Dogecoin is trading at $0.09339 at the time of writing. The path forward is narrow. Bulls need a 20% rally to reach the $0.110 resistance level. Bears only need a modest decline to collapse the current support. Technical signals increasingly favor the downside.
The setup is straightforward. Break above $0.110, and the bullish reversal is confirmed. Drop below $0.087 and the broader downtrend resumes. There is little room between these two outcomes, and the charts suggest the lower level is more vulnerable.
Hidden Bearish Divergence Undermines the Recovery Case
Between December 22, 2025, and February 25, 2026, a telling pattern emerged on the DOGE chart. Price printed a lower high. Meanwhile, the Relative Strength Index (RSI) registered a higher high during the same period. This mismatch is known as hidden bearish divergence.
The pattern is deceptive. Rising RSI readings create the appearance of building momentum. In reality, buyers exerted more effort and still failed to push the price higher. The underlying strength is deteriorating, not improving.
This matters enormously for the $0.110 target. A 20% rally requires sustained buying pressure. Hidden bearish divergence signals that buying pressure is fading. Each attempt to push higher meets consistent selling. The $0.110 resistance zone is not merely a technical ceiling. It is a point where deteriorating momentum makes a breakout structurally improbable without a significant external catalyst.
Rising Supply in Profit Creates a Layered Selling Problem
On March 1, 2026, approximately 44.79% of Dogecoin’s circulating supply was in profit. By March 2, that figure rose to 45.6%. The increase is small, but its implications are not.

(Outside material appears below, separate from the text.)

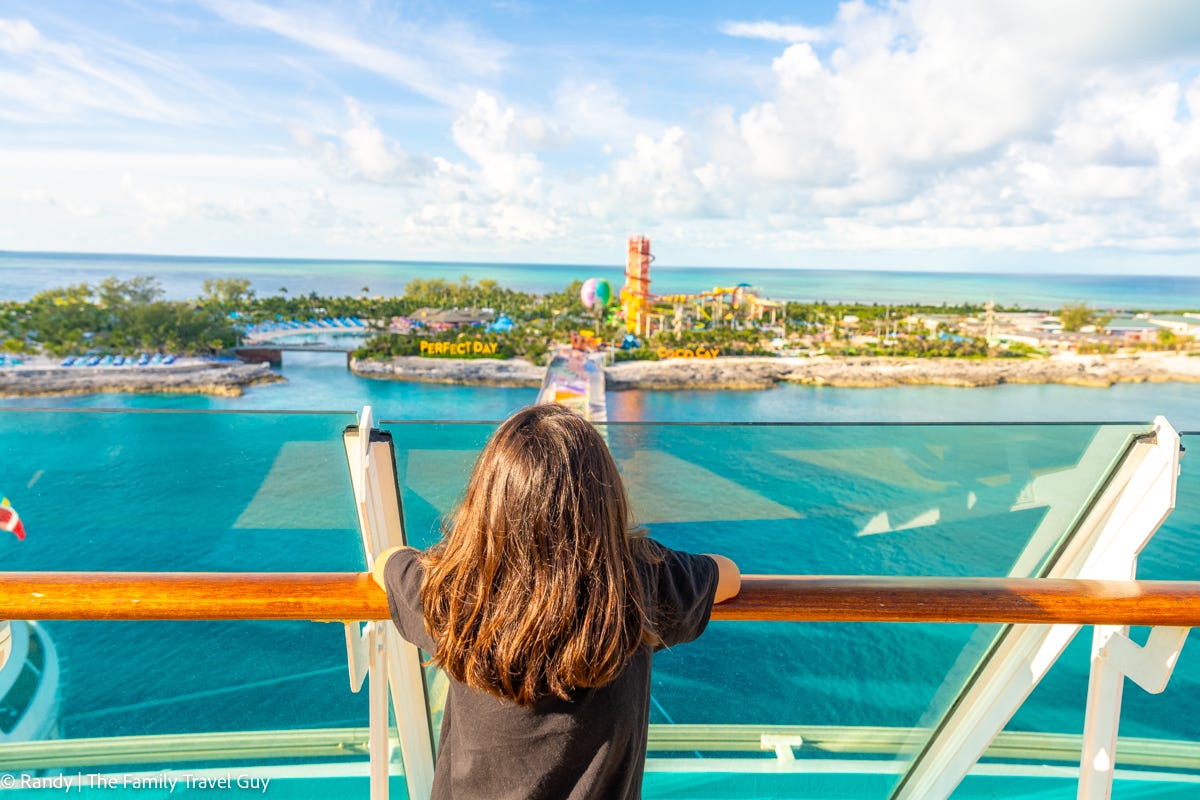 Guy tries to go from 2025 miami to bahamas in bubble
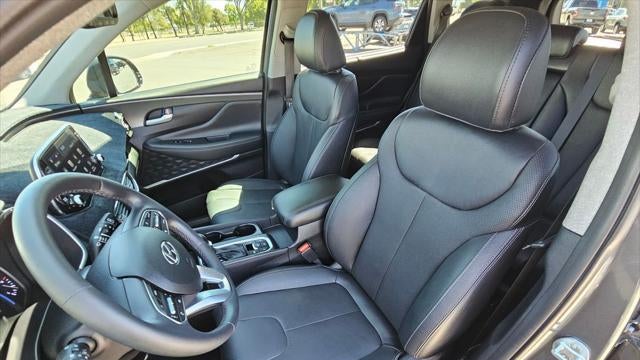 2019 Hyundai SANTA FE Ultimate 2.0T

When supply in profit climbs during a period of price weakness, it indicates that new buyers accumulated at lower levels during the February dip. Those holders are now sitting on gains. Short-term traders, who dominate meme coin markets, tend to exit positions at the first sign of trouble. They do not require large profits to sell.
This dynamic creates layered resistance across the recovery path. At $0.10, more holders become profitable. At $0.105, even more. Each incremental price gain activates a new wave of potential sellers. The rally does not simply need to break $0.110. It needs to absorb distributed selling pressure at every step toward that level.
Meme coins are particularly exposed to this problem. Unlike utility-driven assets, DOGE does not attract long-term holders with fundamental conviction. It attracts momentum traders. Those traders sell on small gains. That behavior defines the price action.